#### The task
Your task is to return all of the entries below exactly, leaving out each picture.

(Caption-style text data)
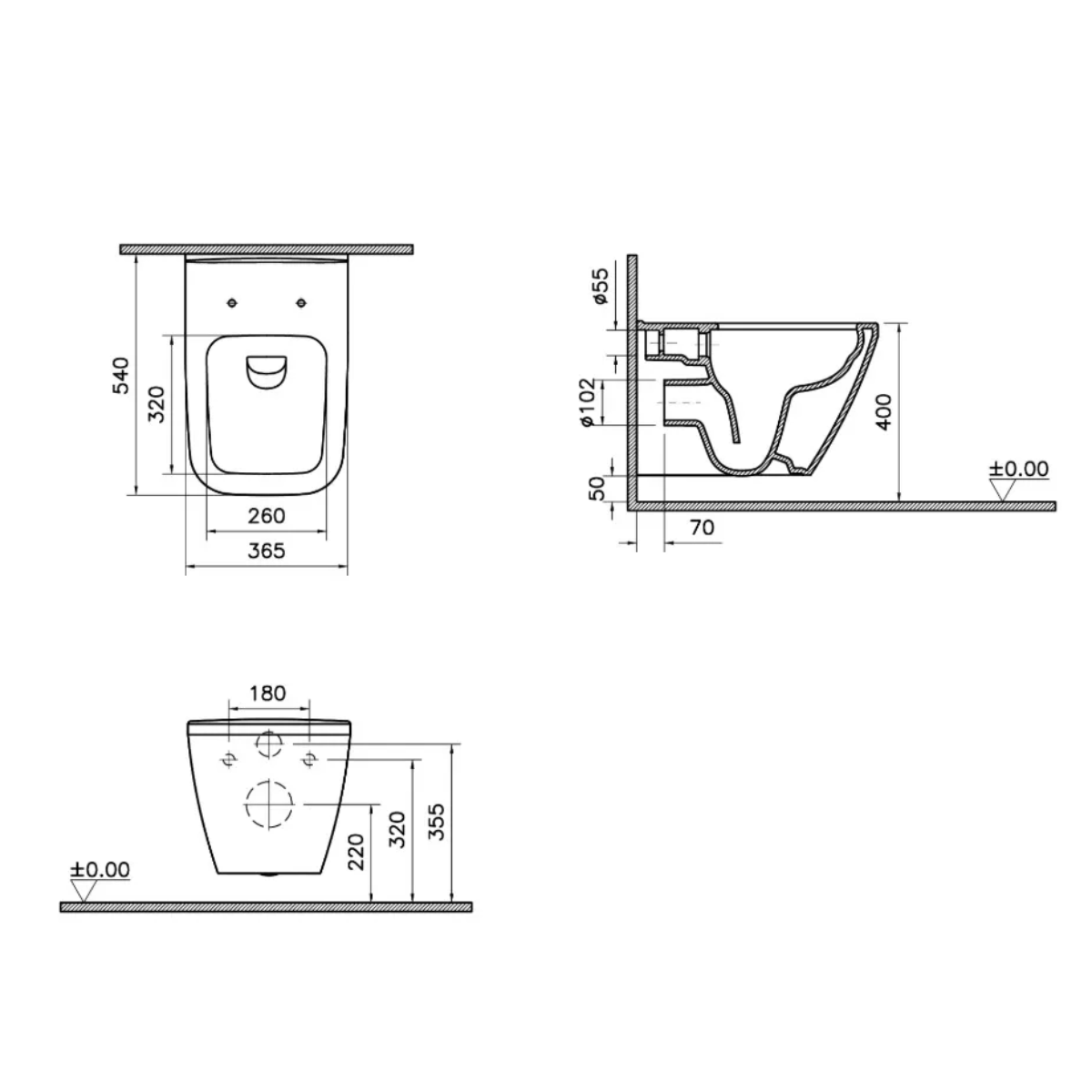 Vitra Integra Square Rimless Wall Hung Pan & Frame Bundle - Chrome - Technical drawing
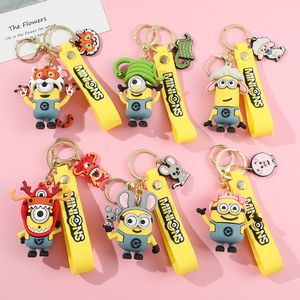 Moda Küçük Sarı Adam Anime Karikatür Bebek Silikon Keychains Çince 12 Zodyak Keytler Charm Kolye Yaratıcı Hayvan Keydrop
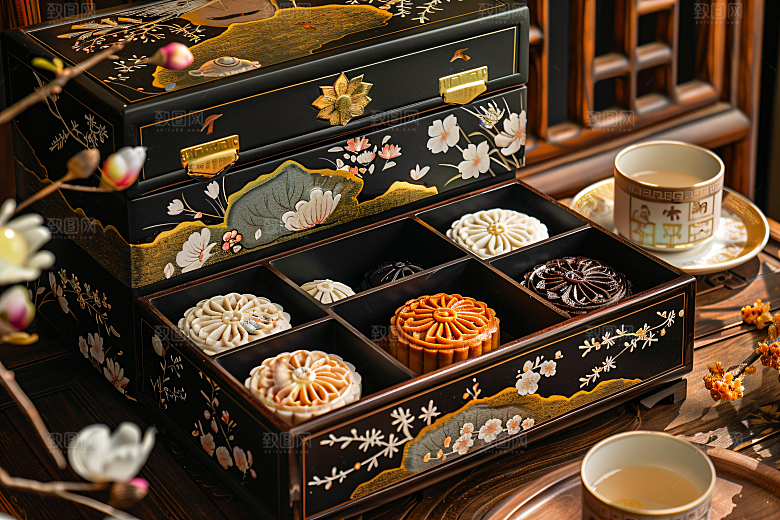中秋月饼礼盒糕点美食摄影图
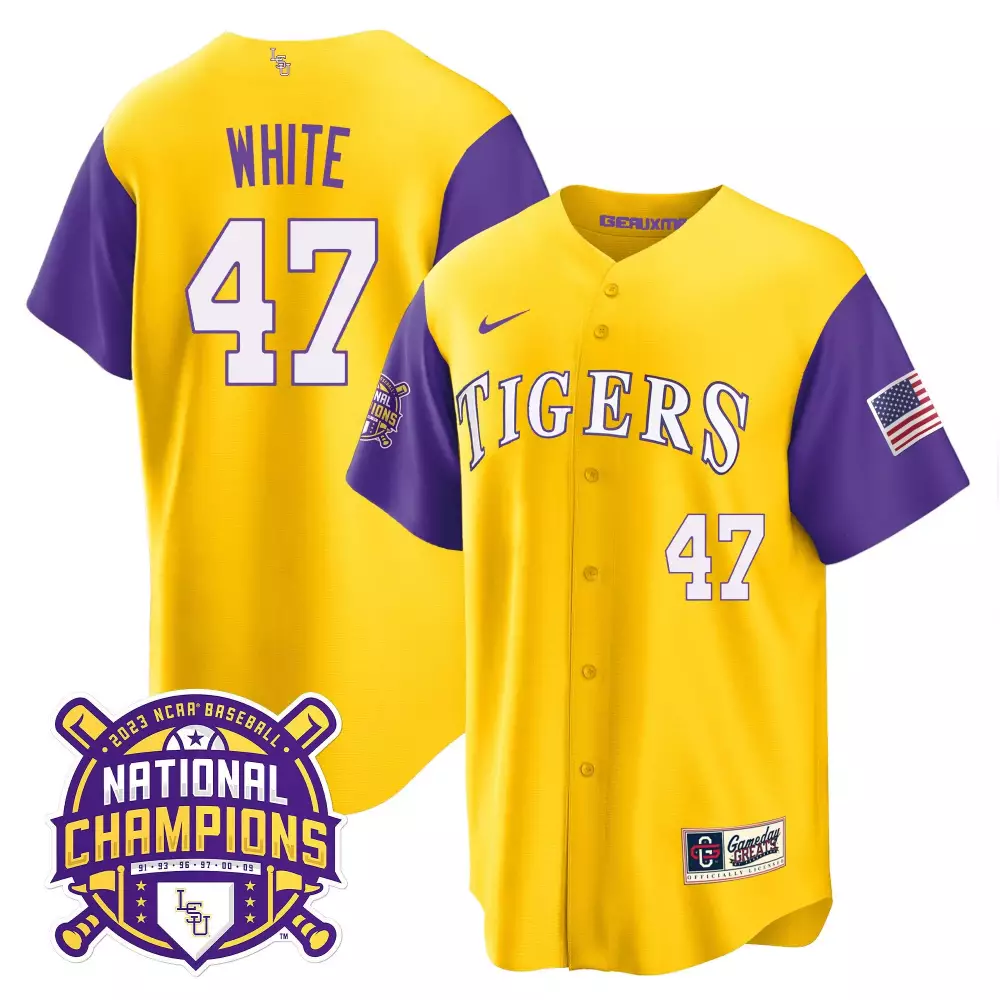 Eli White 47 Lsu Tigers Jersey Yellow National Champions 2023 Baseball Men Purple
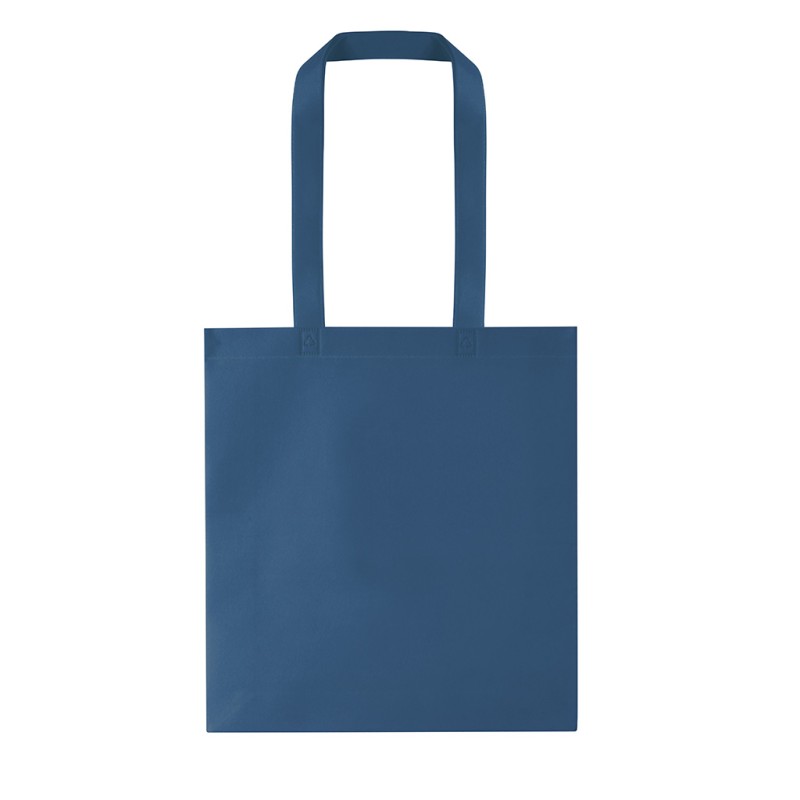 Borsa shopper con soffietto in tnt blu navy personalizzata Q24258NY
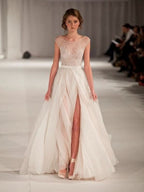 BMbride A-Line/Elegant Scoop Sleeveless Short Sleeves Floor-length Organza Prom Prom Dresses BMbride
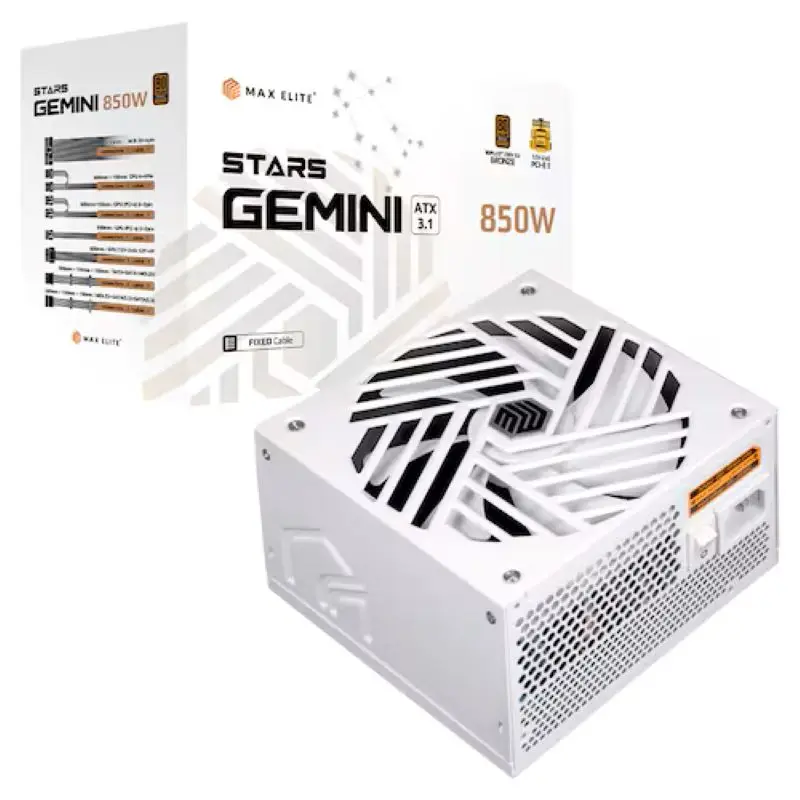 Hit Max Elite Stars Gemini 850W 80Plus برونزي Atx3.1 أبيض / مصدر طاقة / منتج كوري أصلي / شحن محلي إلى كوريا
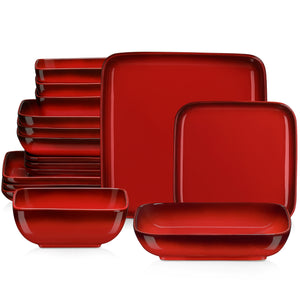 Red Stoneware Ceramic Dinnerware Set for 4 8 12 SKU 70110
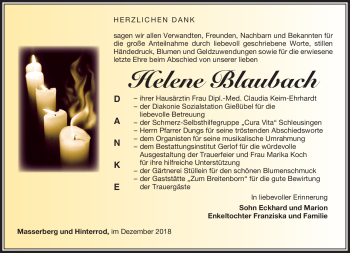 Traueranzeige von Helene Blaubach von Südthüringer Presse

#### Solution for this task
 Vitra Integra Square Rimless Wall Hung Pan & Frame Bundle - Chrome - Technical drawing
 Moda Küçük Sarı Adam Anime Karikatür Bebek Silikon Keychains Çince 12 Zodyak Keytler Charm Kolye Yaratıcı Hayvan Keydrop
中秋月饼礼盒糕点美食摄影图
 Eli White 47 Lsu Tigers Jersey Yellow National Champions 2023 Baseball Men Purple
 Borsa shopper con soffietto in tnt blu navy personalizzata Q24258NY
 BMbride A-Line/Elegant Scoop Sleeveless Short Sleeves Floor-length Organza Prom Prom Dresses BMbride
 Hit Max Elite Stars Gemini 850W 80Plus برونزي Atx3.1 أبيض / مصدر طاقة / منتج كوري أصلي / شحن محلي إلى كوريا
 Red Stoneware Ceramic Dinnerware Set for 4 8 12 SKU 70110
 Traueranzeige von Helene Blaubach von Südthüringer Presse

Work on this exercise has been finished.